Locations are divided into two ET types. Let's also divide these into locations that
belong to one submodule only or multiple submodules:

In [None]:
one_sm_locs = locations | filter[lambda z: len(z >> L[RT.Within]) == 1]
set(ET(z) for z in one_sm_locs)

In [None]:
multi_sm_locs = locations | filter[lambda z: len(z >> L[RT.Within]) >= 2]
set(ET(z) for z in multi_sm_locs)

As could have been guessed, `ET.InternalLocation`s are within only one submodule
whereas `ET.Handoff`s are at the boundary of 2 submodules.

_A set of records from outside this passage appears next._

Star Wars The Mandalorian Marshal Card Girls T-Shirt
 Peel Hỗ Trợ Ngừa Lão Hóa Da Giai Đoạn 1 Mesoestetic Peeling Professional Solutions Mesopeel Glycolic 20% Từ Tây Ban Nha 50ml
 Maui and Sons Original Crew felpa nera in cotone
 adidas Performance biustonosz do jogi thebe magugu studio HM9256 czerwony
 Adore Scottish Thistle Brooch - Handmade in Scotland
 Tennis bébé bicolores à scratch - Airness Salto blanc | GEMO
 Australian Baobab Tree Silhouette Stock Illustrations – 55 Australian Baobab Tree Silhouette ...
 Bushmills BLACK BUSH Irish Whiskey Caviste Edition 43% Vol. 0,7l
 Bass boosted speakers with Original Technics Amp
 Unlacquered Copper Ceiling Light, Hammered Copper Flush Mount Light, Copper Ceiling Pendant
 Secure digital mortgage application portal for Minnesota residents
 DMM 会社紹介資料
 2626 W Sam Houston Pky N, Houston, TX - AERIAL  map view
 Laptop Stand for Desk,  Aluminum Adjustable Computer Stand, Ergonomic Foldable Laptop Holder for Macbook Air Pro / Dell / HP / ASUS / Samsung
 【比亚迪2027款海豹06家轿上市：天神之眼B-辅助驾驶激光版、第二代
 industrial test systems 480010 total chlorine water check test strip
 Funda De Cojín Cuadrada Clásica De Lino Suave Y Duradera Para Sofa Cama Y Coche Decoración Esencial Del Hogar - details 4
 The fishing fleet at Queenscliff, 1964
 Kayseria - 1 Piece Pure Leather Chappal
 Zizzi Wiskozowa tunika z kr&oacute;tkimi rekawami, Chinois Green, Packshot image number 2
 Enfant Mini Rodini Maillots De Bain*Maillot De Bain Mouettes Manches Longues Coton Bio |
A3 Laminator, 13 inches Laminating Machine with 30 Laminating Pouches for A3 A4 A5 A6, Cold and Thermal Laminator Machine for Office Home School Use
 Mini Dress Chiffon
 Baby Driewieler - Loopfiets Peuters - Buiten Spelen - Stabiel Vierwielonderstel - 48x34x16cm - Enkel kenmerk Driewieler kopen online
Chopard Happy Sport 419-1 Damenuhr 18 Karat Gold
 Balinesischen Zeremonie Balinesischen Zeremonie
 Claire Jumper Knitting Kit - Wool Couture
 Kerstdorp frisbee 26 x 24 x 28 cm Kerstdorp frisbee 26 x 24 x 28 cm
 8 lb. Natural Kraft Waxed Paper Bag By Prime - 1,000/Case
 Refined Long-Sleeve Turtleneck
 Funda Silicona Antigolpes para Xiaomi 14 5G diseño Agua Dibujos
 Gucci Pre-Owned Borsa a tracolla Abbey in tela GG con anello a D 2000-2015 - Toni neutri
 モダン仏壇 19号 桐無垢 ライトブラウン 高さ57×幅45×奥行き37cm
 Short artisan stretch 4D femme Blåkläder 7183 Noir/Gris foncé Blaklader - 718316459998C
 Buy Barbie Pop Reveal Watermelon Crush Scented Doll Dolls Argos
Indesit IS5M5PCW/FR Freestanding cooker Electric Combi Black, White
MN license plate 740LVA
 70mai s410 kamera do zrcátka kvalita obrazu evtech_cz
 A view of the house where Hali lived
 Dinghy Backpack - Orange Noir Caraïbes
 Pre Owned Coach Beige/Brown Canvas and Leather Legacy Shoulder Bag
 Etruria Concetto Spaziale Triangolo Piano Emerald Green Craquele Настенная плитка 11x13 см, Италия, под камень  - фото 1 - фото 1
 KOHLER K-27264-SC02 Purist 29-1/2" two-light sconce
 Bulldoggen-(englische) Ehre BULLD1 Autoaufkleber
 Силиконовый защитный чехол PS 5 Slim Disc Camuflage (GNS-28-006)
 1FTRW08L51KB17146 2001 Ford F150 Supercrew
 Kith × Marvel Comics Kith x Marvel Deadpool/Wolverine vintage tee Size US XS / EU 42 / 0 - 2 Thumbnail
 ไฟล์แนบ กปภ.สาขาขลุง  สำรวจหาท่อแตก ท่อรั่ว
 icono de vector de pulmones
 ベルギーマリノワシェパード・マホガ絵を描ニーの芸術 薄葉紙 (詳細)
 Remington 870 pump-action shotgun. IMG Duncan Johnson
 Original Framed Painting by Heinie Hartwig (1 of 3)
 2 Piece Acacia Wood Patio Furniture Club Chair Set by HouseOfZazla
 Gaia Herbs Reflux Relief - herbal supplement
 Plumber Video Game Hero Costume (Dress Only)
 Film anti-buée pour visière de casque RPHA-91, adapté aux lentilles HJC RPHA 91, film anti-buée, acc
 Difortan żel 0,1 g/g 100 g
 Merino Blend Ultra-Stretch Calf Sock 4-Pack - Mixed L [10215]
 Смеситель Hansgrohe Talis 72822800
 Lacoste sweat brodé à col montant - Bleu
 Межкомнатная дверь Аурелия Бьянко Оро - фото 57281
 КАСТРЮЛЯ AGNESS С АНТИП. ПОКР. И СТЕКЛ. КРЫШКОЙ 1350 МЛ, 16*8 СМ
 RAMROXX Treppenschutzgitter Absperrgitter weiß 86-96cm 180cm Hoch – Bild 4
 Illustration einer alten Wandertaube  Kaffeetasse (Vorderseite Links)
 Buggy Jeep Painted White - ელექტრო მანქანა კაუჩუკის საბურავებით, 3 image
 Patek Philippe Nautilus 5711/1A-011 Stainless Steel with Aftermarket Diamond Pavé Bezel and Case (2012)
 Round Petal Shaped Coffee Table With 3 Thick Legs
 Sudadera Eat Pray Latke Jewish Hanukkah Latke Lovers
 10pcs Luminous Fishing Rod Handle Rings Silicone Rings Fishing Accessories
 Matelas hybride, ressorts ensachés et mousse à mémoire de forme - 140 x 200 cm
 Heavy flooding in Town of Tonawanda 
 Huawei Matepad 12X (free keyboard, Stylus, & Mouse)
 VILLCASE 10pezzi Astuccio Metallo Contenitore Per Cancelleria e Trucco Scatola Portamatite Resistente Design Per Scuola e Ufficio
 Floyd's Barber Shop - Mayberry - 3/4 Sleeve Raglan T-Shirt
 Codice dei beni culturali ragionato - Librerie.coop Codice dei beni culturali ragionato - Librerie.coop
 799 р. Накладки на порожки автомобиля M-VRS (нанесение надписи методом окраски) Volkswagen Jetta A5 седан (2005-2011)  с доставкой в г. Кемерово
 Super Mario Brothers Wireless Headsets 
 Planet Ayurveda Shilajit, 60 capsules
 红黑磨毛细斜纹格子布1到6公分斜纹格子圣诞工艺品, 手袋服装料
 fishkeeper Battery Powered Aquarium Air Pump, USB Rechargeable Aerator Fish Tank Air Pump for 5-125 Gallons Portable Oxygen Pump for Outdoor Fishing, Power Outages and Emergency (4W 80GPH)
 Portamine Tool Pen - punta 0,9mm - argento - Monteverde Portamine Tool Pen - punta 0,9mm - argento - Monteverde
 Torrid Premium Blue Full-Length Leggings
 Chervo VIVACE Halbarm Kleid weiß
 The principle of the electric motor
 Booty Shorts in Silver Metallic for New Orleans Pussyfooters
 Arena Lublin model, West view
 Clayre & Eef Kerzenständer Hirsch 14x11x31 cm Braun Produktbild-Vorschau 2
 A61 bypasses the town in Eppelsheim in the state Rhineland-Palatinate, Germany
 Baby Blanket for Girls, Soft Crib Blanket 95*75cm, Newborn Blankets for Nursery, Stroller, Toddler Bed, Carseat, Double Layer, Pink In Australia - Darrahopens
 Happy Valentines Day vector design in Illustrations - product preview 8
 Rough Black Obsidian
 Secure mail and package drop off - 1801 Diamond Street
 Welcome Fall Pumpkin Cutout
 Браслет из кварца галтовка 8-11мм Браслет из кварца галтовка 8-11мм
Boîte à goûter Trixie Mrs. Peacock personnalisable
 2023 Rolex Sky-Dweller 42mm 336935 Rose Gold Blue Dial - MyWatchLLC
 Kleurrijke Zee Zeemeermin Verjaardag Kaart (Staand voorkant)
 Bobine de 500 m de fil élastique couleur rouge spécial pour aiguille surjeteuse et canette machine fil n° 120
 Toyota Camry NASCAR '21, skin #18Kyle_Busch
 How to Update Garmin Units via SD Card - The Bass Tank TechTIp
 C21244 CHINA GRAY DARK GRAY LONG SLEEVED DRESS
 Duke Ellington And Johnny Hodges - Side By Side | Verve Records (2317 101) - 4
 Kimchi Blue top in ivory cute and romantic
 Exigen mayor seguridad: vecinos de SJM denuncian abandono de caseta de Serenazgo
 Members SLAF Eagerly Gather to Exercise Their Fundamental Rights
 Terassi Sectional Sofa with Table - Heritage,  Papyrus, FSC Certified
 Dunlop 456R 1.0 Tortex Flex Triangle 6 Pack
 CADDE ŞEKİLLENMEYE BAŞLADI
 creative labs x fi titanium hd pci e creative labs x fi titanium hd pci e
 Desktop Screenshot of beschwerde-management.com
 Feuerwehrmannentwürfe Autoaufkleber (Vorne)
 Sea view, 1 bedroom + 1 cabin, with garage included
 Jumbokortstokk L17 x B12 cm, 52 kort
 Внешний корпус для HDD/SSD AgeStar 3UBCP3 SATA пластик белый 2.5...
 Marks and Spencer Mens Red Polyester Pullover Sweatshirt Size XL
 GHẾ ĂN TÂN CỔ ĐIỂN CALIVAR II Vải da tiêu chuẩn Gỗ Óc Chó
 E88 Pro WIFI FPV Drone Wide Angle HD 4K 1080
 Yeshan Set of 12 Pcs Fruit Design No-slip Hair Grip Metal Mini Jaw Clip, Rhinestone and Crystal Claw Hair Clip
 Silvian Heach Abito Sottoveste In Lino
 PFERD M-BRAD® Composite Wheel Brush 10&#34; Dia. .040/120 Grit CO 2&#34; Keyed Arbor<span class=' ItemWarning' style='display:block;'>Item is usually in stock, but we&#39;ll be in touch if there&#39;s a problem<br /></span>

Looking at a particular location:

In [None]:
loc = one_sm_locs[0]
loc | info

there is some local information attached to the location (IsBuffer, IsHandoff,
NodeLabel) and a bunch of connections to other locations, given by
`RT.CanMoveTo` relations. Following one of these (to the edge, not the target): 

In [None]:
canmoveto = (loc > L[RT.CanMoveTo]) | first
canmoveto | info

we find an attached recipe. Describing this:

In [None]:
canmoveto >> RT.Recipe | info
(canmoveto > RT.Recipe) | info

> ### Note:
> Unfortunately brackets are often required (currently) to order zef operations, e.g. `canmoveto > RT.Recipe | info` would cause info to operate on RT.Recipe first. In the future this will be handled using lazily evaluated zefops.

# 6. Further exploration

In this tutorial, we have been limited to only viewing the latest timeslice of the graph. There are several different places to go next:
* Appending to the graph ("mutating" the graph) - this is described in the `Zymergen write.ipynb` tutorial
* Viewing historical information - this is mentioned in the `Zymergen schedules` HOWTO short guides.
* Higher level operations (filter, sort, ...)
* Adding scripts to the graph that are triggered on particular actions.
* Subscribing to events on the graph.

# 7. List of ZefOps

Here is a list of zefops/functions/operators that have been used in the tutorial:
#### General
* zearch
* Graph
* info
* instances
* now
* value
* RT

#### List related
* first
* last
* without
* flatten
* filter

#### Traversal
* \>>
* \>
* <<
* <
* L[...]

#### Further zefops to be aware of/whet your appetite:
* O[...] - optional (0 or 1) traversal
* only - the only item in a list
* sort[...] - list sorting
* ET - obtain ET type of entity
* AET - obtain AET type of entity
* EN - enums (e.g. `EN.MachineStatus.Ready`)
* subscribe - listen to events on the graph
* <= - can be used for value assignment and subtype checking too (e.g. `zefref <= ET.Submodule`)
* add_right - user rights management
* sync - store graph on zefhub
* tag - tag your graph on zefhub

# TODO
### External graph tools

* How to get an adjacency matrix to describe the transport graph.

### Challenge questions

* Store answers on the graph as "hidden" answers.